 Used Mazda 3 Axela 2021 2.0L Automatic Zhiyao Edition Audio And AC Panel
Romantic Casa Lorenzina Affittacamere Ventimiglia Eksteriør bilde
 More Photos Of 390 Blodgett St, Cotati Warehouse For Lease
* * *
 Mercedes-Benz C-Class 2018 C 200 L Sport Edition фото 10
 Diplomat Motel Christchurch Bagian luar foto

● Aim of the exercise: Given the records above, return exactly the lines starting at the line containing "Used Mazda 3" and ending at the line containing "More Photos Of", including both.

● Response to this exercise:
 Used Mazda 3 Axela 2021 2.0L Automatic Zhiyao Edition Audio And AC Panel
Romantic Casa Lorenzina Affittacamere Ventimiglia Eksteriør bilde
 More Photos Of 390 Blodgett St, Cotati Warehouse For Lease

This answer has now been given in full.